As with any unstable test holding back the CI, developers and QA teams may give up or ignore results that require a significant amount of time to process, in favor of accelerating releases of meeting the timelines

Over the years, I’ve seen many Engineering organizations take on the challenge of implementing effective performance tests as a part of their release cycle. In many instances, I’ve observed that eager developers were able to quickly generate substantial performance data, only to have the entire initiative fail because of the inherent flakiness these tests are afflicted with, and the inability to get to stable baselines and measurements.

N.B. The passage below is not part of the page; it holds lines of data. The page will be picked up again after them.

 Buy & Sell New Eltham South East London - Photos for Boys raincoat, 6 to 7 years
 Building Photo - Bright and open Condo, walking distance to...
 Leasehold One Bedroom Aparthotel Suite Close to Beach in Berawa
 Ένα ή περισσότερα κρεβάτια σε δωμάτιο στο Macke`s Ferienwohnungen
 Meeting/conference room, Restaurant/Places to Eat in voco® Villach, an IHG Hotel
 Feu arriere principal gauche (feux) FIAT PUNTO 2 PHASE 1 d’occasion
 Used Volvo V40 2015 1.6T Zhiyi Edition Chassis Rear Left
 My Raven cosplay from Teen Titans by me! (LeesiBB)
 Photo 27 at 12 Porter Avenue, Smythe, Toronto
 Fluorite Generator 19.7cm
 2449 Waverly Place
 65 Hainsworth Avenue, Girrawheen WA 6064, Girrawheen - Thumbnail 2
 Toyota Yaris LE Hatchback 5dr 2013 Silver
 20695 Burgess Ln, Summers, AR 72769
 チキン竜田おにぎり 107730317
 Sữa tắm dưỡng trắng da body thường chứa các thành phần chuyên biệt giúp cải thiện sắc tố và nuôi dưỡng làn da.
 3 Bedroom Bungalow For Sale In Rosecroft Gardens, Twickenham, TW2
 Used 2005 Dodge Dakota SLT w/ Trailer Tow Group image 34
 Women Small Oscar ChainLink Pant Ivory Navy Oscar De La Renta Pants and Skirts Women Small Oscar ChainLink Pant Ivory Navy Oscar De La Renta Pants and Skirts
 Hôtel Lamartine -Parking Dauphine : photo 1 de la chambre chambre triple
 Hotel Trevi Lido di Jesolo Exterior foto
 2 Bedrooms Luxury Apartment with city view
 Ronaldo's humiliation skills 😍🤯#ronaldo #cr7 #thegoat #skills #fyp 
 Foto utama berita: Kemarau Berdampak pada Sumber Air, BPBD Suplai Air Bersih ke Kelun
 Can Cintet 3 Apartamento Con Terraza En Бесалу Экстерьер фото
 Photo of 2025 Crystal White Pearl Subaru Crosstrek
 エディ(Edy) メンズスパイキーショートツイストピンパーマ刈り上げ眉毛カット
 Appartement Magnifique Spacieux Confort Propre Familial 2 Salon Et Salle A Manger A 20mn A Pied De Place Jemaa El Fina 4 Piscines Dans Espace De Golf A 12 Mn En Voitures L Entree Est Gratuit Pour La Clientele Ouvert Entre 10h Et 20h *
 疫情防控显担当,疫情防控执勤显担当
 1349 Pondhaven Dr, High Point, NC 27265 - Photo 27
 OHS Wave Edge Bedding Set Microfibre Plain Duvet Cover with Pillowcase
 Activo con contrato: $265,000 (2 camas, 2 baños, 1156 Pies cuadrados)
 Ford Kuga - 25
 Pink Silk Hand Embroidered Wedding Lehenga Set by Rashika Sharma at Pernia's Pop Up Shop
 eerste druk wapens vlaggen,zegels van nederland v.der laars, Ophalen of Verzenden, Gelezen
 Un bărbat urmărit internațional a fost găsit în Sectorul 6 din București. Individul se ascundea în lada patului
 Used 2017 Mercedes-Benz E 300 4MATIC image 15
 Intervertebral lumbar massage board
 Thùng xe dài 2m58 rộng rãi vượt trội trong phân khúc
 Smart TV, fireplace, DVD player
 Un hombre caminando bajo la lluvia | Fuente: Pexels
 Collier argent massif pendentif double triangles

In order, then, to reap the benefits of performance testing to release stability, organizations need to internalize that collecting performance data is secondary to knowing how to process and analyze in a way that will not lead engineers on wild goose chases after phantom issues every time a production server suffers a hiccup. In following posts, we’ll dive deeper into the five principles detailed above to explore a few approaches for implementation, using different data analysis tools, as a part of the journey towards a stable performance testing pipeline.